Location: Marshall-Shadeland, Pittsburgh, PA
32,225 posts, read 74,215,677 times
Reputation: 18409
It's often said that a customer who has one bad experience with your company will tell many more about it, deterring friends and family from patronizing your establishment, and, conversely, that impressing a customer will lead to not only loyalty in their return visits, but also to potentially gaining a few new customers who hear about their positive experience and want to see if they'll have similar results (If they do, then the process is repeated again with them telling several others about the wonderful time they had!) As such, it does pay to "put the customer first" in retail. I suppose many of my co-workers and I are becoming increasingly bitter with Lowe's because we are continually being intentionally short-staffed to "reduce labor expenditures" while we see such obvious wastes of money as a shoddy recent repaving of our parking lot that is already ridden with potholes, and the repainting of our structure that looks identical to how it did previously!

I'm actually the "bottom of the bottom" in the company, a loader. I'm one of the grunts you see meandering throughout the parking lot, helping people load purchases, pushing carts into the building, etc. What angers me the most about this is that my job is crucial towards that whole "repeat business" scenario I mentioned in the last paragraph, as I'm the last Lowe's associate they'll encounter before heading home. If they're met with a smile, an offer for assistance, and a "Have a nice day/evening/Christmahannukwanzaakah", then that may go a long way towards erasing a negative experience they had inside the building. For example, I helped two customers today who truly boosted my self-esteem a bit---One said he was a regular Home Depot shopper, and he was never offered help loading his drywall before! To me, this made me feel great to know that I had impressed him, potentially leading him to pick Lowe's over our orange-clad competitors the next time. On the flip side, Home Depot should feel embarrassed to have allowed this customer of theirs to be neglected so many times. Another customer, a middle-aged woman, stopped me after I helped her to load her myriad of purchases to tell me she was calling the main store manager directly to tell him that my courtesy and patience in helping her today completely overshadowed the negligence she experienced inside the store. Now, if I were my manager, I'd immediately come out to tell my employee about the compliment in order to boost his/her morale (which he did not), and I'd check into the other departments mentioned to see what issues may have arisen at the time to have caused this woman to have such displeasure (which he did not). It's just becoming tiring being considered "worthless" basically just because I'm 19 and employed as a grunt when I see so much injustice being committed all around me by the avarice-crazed "higher-ups." Whenever I make a suggestion, it's fobbed off. Granted, I know I'm not going to be working for Lowe's forever (I have ambition to earn more than $9/hr someday!), but I do envision myself working with the public as a CPA. As such, it's important that I cultivate as much of a "client-focused" personality as I can now to "wow" that future prospective employer in Manhattan.
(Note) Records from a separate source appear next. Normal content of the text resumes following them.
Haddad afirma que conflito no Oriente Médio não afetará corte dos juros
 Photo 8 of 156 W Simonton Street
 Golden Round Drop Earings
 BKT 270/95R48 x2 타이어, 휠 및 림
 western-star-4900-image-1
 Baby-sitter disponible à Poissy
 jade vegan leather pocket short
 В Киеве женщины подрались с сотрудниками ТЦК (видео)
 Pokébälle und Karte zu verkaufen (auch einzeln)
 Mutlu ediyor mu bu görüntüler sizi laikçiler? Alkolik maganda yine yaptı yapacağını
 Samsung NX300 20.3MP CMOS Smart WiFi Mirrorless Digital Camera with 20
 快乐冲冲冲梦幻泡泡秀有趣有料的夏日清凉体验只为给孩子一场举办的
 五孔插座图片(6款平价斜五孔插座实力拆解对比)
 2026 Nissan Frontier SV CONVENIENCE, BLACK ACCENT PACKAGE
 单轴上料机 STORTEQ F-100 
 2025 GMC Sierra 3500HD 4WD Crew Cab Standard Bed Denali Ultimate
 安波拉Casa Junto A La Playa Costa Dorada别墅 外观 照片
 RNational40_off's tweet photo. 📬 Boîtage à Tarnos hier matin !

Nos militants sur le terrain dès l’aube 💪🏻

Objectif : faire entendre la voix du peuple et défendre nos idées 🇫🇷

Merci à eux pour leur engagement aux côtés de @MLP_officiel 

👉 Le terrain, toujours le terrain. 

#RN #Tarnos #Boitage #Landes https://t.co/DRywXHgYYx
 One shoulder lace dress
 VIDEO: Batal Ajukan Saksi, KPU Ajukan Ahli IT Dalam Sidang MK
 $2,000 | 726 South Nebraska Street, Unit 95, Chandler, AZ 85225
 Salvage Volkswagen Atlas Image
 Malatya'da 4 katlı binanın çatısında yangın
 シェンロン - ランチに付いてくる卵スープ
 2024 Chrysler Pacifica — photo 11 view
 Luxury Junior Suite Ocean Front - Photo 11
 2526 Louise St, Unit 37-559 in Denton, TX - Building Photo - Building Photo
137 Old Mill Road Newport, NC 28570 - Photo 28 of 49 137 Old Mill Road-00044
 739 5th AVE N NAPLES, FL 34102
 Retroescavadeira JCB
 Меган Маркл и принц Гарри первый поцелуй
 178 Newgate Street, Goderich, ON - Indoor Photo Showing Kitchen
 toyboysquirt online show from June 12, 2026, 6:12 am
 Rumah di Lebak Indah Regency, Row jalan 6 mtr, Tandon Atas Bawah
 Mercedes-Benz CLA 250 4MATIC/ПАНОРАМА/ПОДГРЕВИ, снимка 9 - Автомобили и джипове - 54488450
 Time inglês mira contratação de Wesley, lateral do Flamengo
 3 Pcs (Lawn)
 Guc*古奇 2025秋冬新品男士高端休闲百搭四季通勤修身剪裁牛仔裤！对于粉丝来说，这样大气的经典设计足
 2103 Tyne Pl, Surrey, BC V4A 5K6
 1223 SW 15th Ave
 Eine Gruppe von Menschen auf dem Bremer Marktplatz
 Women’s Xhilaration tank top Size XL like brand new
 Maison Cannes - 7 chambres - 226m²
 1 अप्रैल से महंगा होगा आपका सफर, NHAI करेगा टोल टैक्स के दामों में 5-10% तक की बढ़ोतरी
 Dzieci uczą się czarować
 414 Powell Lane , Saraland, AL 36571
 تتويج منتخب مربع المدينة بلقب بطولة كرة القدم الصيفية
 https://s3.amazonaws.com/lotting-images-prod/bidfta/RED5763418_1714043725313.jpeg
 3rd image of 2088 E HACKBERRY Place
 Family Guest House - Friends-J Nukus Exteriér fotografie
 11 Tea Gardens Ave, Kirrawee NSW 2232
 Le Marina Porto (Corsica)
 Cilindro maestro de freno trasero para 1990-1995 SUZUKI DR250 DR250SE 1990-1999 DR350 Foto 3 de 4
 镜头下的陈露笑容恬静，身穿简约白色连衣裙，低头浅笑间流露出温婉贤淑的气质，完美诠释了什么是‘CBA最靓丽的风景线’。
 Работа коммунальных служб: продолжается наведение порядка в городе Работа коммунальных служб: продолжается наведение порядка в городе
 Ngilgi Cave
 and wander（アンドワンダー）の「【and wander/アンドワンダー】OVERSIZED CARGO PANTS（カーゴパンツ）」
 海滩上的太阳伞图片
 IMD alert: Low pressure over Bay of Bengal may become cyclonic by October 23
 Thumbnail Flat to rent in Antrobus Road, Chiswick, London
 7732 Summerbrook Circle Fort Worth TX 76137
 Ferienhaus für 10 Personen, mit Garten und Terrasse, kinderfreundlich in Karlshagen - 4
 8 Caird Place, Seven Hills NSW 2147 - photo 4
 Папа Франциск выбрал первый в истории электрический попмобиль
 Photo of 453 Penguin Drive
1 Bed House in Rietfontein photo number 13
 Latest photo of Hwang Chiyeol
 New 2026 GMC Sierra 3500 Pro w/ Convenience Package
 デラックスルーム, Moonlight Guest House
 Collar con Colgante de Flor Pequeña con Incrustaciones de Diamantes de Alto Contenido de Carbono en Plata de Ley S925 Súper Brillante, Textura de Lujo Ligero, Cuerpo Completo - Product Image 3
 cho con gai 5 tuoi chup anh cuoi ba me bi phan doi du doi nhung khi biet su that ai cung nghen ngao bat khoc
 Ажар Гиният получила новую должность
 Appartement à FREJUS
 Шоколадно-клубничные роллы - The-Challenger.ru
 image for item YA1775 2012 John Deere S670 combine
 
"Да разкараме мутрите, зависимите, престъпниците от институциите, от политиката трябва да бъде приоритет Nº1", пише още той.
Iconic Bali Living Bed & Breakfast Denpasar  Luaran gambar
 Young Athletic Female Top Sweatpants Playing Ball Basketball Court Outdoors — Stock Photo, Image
Injustices are being committed daily in chain retail, and I think some of the more well-educated people in our nation are finally starting to notice this phenomenon of "greed." I'm noticing more and more people are starting to take me seriously when I decry the "big-boxes" (Including Lowe's) and promote "mom-and-pop" to them. Does Lowe's offer you the best price possible on your everyday home remodeling needs? Most of the time, yes. However, those low prices come at a cost---Understaffed departments + high turnover rates+ low wages = Discontent, unknowledgeable employees + long lines + aggravation. More people are beginning to realize that it's worth paying an extra $5 overall if it means that they can be treated as a living, breathing soul instead of a "target quota." I don't only mean to pick on Lowe's here---Home Depot is even worse in this respect! (At least in NEPA) Then you have Wal-Mart...which I don't even have time to start ranting about! LOL!